Arizona monsoon season poses health risk for ailing and even the fit
PHOENIX — Arizona’s monsoon season can be an especially difficult time for people with certain health issues, but everyone can take precautions to lessen the chance for serious problems.
“In general, most patients know what gets them sicker, so that favors the situation,” Dr. Thomas Ardiles, a Phoenix physician, told KTAR News 92.3 FM this week, when the Valley was swamped by three straight days of pounding rain, dust storms and relatively high humidity.
“Get to know your illness, know what makes you sick and try to stay away from it, (whether) it’s extreme heat or humidity, or sometimes cold weather.”
Ardiles, a pulmonary disease specialist, said dust storms can trigger valley fever, a fungal infection.
“People can get valley fever anytime, even just driving through Arizona. The more you’re exposed … you get more chances of getting valley fever.”
Mild cases have few symptoms, but symptoms of an acute case include fever, night sweats, headache, cough and chills.
If the infection spreads dramatically, worst-case scenarios include painful lesions on the spine or skull and meningitis.
Ardiles said people who worked outdoors — landscapers or construction workers — were prone to come down with valley fever.
Air quality can also be an issue even without dust storms.
“We’re in a big city and pollution advisories are, I think, unavoidable,” Ardiles said.
“Part of the Key is to have good control of your disease, that way, even if it’s a bad pollution day, you’d be OK. Stay indoors.”
Sometimes, indoors can turn against you.
Storms knocked out power to thousands in the Valley.
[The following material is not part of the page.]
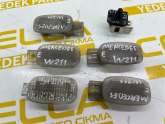 MERCEDES W211 KAPI DÖŞEMESİ LAMBALARI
Daytime temperatures were in low 100s.
Dehydration can pose a threat in an overly warm home, Ardiles said.
“If you get to an extreme state of dehydration, you may lose the ability to think clearly,” he said.
“If your power is out, you can go to the mall, a friend’s house — somewhere you can stay cool, because, before you know it, your house is going to be in the high 90s or low 100s.
“You will get dehydrated very quickly.”
Forecasts for the rest of the week pointed to temperatures in the low 100s but climbing by the middle of next week.
There could be scattered showers Thursday and Friday.
— KTAR News (@KTAR923) July 12, 2018
The National Weather Service was expecting increased chance for rain over the weekend.
Monsoon season in Arizona officially runs from June 15 to the end of September.